#### ASSIGNMENT
The response should consist of the data below, copied exactly, with no pictures in it.

#### RECORDED DATA
***
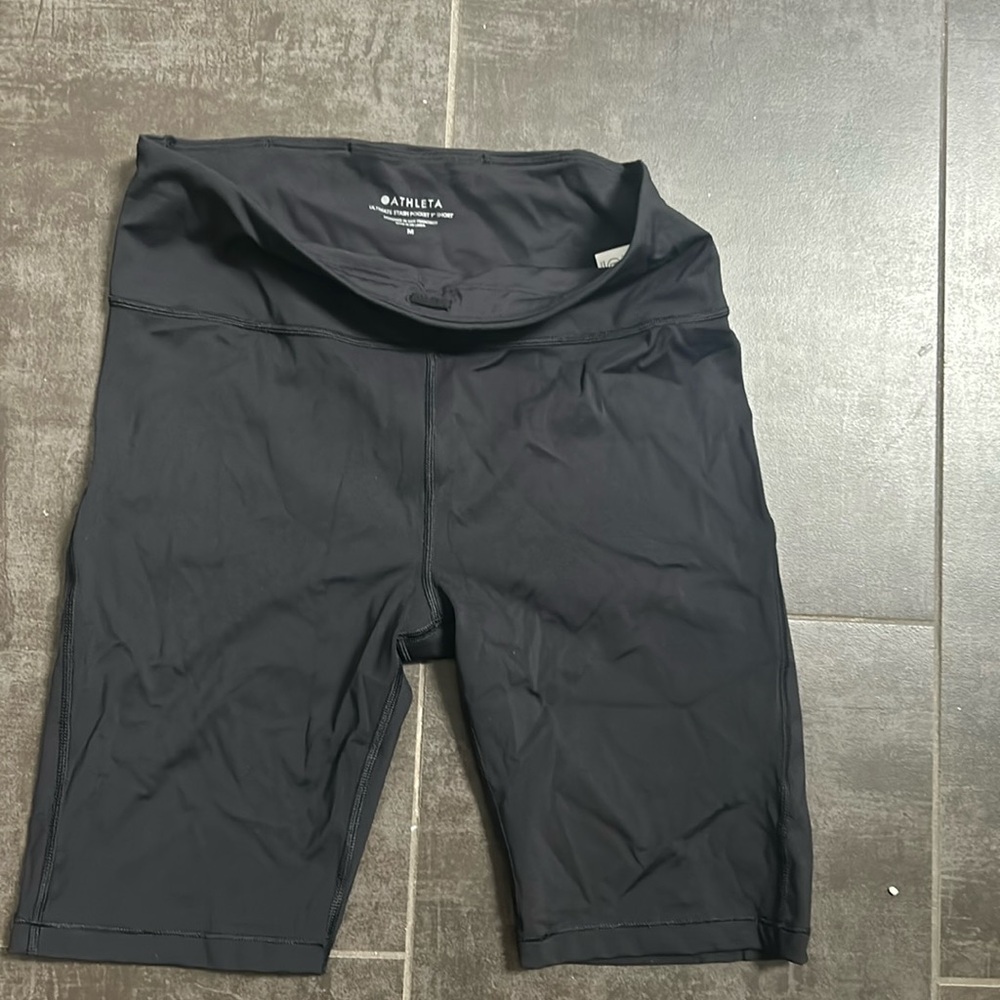 Athleta ultimate stash pocket 9" short. Side pocket black size M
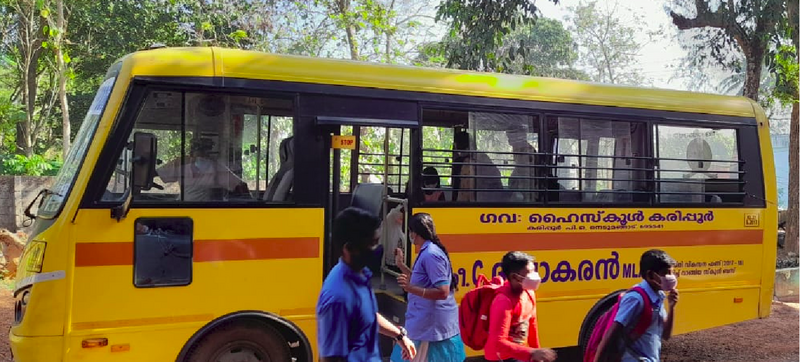 പ്രമാണം:42040bus.png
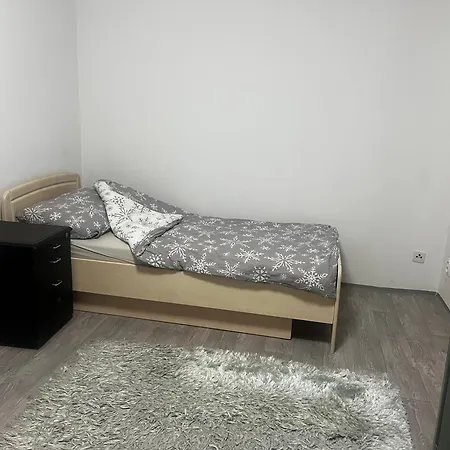 Sunny Cozy In A Shared Family House Bed & Breakfast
***
#### RESPONSE TO THE TASK
 Athleta ultimate stash pocket 9" short. Side pocket black size M
 പ്രമാണം:42040bus.png
 Sunny Cozy In A Shared Family House Bed & Breakfast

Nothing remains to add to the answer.